P.S. My adviser asked me what useful problems reduce to #SAT that don't reduce to SAT (assuming some problems in #P are harder than their corresponding NP versions). All I could come up with was finding how many models for a given data set are better than a given model (assuming each parameter of the model is smaller than a given number of bits). I looked for other ones on the web but I couldn't find anything I could understand. Are there any other good applications?

Explanation / Answer

The permanent is #P-complete, even when restricted to {0,1}-valued matrices. The permanent can be used to compute certain parameters in statistical mechanics, see for example this paper on the dimer covering problem. Since I'm not a physicist, I cannot comment on whether these theoretical statistical mechanics problems are really useful; I suspect that they are not directly useful, but the area itself could lead to useful insights.
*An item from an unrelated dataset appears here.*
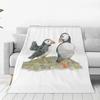 Puffin Flannel Blanket Cute Bird Nature Soft Bedding Throws for Couch Chair Sofa Bed Travelling Cute Bedspread Sofa Bed Cover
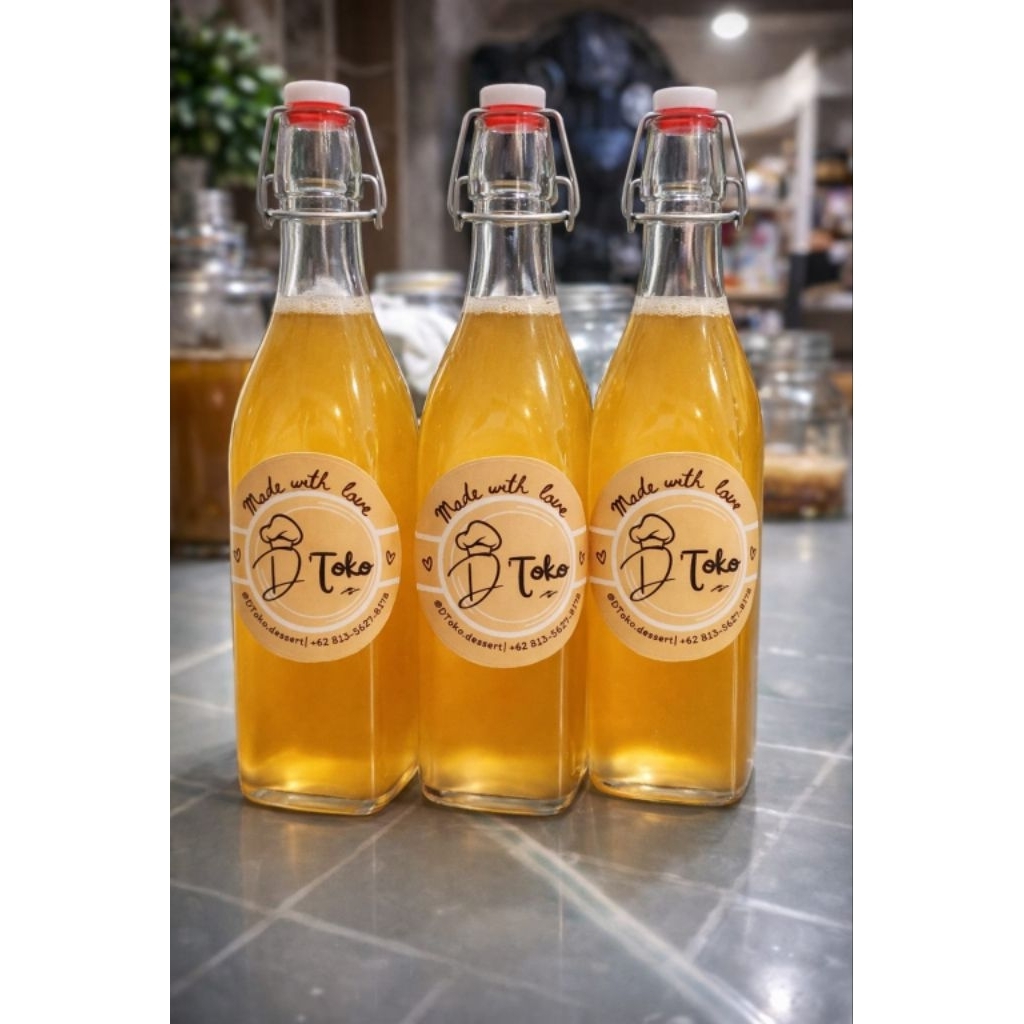 kombucha tea 1liter (menggunakan botol kaca)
It could also be the case that some of these parameters are useful on their own, but you'll have to consult with an expert.

Your 5 minute pitch could go something like this:

Statistical mechanics is a beautiful and deep part of physics and chemistry which studies how the emergent behavior of large systems results from microscopic physical laws operating on individual elements. It explains phenomena such as the laws of gasses, magnetization, and transitions between different phases of matter. Statistical mechanics is intimately connected to probability theory, computer science, operations research, and data science.

Many important quantities in statistical mechanics can be formulated as instances of #SAT. An algorithm for solving #SAT exactly or approximately can thus be used to predict physical and chemical phenomena.

This might somewhat overstate the case, but that's how sales pitches go.